Programs must provide meaningful teaching experiences and mentor graduate students in their understanding of teaching.

And, Blee said, programs need to examine where students are being placed after graduation: “Are they going into the kinds of positions that we have geared our programs to produce?”


Clusters, opportunities and balancing are important. “How does a graduate program create a definition of itself?” Blee said. “It really goes to being able to discern what’s a cluster of excellence that we currently have and what’s an opportunity to which you could move into the future?”

There must be a dynamic balance between the present and the future, she said. “Where are we best now and where are we able to move into a new direction?”


What size should a graduate program be, viewed from the standpoints of education, mentoring and placement? “In many fields, the size of the graduate program has been driven by how many labs or recitation sections of undergraduates need somebody to stand in front of them,” Blee said. “Is that a good thing or not?

“Has that created the size of department we want? Are we able to create the quality of educational experience and the placement success for our PhDs that we want, given the size? Is this the right way to meet our undergraduate teaching needs or not?”

Responsive to diversity

“We are in an extremely heterogeneous environment in the United States and our population is going to become ever more heterogeneous in terms of race and ethnicity,” Blee said. “We need to think about ways in which our graduate programs are appropriately diverse and appropriately responsive to the diversity of our population.”

Another question is how programs will compete for students internationally. “It’s not automatic that the best international students are going to flock to the United States in the future like they’ve done in the past,” she said.

Cost effective

“This is a question of how we make our programs fit within the financial realities that we’re in,” Blee said.

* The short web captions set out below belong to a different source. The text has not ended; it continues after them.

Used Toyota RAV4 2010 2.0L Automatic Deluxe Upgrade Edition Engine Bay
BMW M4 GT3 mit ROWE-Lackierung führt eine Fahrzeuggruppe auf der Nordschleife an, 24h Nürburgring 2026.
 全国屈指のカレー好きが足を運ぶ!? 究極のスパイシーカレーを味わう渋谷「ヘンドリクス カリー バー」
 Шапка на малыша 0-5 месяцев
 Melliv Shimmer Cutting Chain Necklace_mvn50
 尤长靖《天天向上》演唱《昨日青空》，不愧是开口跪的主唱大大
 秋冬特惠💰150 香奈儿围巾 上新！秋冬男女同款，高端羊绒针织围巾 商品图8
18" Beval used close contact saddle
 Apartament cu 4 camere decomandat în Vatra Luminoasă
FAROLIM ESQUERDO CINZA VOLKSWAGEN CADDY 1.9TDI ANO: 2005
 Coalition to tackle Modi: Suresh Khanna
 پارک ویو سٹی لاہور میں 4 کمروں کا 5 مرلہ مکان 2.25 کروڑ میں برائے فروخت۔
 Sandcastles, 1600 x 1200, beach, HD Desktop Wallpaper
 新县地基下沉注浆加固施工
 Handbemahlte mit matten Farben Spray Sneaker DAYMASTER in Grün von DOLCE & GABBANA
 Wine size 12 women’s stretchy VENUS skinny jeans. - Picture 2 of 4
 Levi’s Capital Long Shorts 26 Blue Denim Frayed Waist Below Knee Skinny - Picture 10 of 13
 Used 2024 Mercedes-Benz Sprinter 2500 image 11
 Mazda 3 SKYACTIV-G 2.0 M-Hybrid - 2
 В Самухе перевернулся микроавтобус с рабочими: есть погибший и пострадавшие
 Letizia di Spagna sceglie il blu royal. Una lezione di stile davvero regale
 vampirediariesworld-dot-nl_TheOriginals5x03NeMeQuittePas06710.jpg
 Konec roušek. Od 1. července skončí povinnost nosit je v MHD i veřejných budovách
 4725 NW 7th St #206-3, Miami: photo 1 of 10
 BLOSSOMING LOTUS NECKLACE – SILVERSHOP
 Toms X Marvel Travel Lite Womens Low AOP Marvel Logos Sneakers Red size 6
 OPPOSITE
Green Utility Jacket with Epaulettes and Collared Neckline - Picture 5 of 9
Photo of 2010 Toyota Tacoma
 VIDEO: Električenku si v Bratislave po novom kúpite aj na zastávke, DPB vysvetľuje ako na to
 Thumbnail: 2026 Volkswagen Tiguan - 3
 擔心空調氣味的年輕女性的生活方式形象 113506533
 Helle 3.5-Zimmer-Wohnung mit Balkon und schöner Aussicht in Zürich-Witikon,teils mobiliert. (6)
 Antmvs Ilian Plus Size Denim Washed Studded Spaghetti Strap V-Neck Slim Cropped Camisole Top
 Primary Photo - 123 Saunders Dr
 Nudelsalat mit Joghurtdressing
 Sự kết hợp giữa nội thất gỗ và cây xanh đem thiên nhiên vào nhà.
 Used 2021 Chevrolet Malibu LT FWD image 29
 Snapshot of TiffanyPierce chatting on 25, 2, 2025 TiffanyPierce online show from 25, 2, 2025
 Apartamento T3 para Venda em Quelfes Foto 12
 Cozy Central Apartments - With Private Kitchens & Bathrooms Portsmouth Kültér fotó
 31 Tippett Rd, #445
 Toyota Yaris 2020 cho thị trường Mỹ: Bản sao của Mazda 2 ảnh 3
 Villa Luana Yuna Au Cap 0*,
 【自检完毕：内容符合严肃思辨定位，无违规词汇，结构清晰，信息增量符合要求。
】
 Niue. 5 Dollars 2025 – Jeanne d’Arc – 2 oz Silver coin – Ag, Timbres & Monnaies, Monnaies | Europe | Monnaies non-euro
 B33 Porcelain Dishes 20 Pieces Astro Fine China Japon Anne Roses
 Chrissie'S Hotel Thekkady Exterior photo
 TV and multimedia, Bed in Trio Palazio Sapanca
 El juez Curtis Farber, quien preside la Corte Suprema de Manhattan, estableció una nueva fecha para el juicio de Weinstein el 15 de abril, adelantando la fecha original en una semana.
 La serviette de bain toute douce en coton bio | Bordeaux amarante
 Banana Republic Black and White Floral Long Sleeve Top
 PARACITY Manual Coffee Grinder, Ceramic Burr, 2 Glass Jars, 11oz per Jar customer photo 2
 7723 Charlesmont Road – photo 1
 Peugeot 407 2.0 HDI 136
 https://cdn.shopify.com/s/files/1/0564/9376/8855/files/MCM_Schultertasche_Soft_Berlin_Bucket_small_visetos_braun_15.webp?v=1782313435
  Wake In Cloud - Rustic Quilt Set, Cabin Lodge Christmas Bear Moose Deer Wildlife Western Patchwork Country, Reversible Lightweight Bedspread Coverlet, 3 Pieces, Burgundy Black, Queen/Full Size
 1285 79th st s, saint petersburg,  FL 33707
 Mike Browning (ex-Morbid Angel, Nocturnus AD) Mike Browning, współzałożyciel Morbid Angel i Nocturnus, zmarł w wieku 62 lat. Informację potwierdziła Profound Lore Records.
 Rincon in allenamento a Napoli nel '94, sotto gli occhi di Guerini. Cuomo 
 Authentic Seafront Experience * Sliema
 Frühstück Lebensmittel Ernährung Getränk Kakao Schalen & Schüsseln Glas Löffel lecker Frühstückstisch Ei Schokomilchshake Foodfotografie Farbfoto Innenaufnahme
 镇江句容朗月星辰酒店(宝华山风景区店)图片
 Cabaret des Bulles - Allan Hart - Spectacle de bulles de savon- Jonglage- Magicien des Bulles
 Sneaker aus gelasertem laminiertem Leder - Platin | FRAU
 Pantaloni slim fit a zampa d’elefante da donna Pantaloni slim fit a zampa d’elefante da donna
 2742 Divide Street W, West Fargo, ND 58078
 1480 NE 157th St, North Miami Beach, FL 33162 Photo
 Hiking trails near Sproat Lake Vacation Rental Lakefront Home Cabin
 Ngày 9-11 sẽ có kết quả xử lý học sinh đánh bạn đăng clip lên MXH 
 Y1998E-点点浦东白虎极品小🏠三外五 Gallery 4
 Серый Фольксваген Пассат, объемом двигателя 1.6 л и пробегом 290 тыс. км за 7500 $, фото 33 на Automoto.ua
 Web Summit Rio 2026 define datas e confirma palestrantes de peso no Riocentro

Among the hidden costs of graduate education is attrition. “Graduate education is expensive to the University and it’s particularly expensive if we’re losing people at points where we don’t want to lose them,” she said.

“It’s not that we don’t want students ever to exit, but we want students to exit the program at milestones.” For instance, if a student has finished a master’s degree and decides not to pursue a PhD, that’s an appropriate milestone. In contrast, “If they’ve worked on their dissertation for four years and they lose interest, that is a loss of financial resources to the University and faculty time and effort. And nobody’s happy. The student’s not happy, the faculty’s not happy and that’s the cause of an emotionally negative experience.”

Blee said that admitting the best students possible — matching them well to the program — reduces attrition.

Having clear milestones so students understand how to move through the program and reducing time to degree also help, she said.


How do graduate students and graduate education fit into the University’s mission?

“What is the place of graduate students at a place like Pitt?” Blee asked, suggesting that helping graduate students take on new tasks in the changing Pitt environment should be considered. “For example, not just being teachers to undergraduates but being mentors to undergraduates. That’s commonplace in science; it’s not common in the social sciences and the humanities. There’s new effort on how to integrate graduate students into the undergraduate world.”

More broadly, Blee said, it’s important to consider how to make the case for the value of graduate education outside the University: “How to voice to the larger community — to the state and society as a whole — the importance of graduate education,” she said.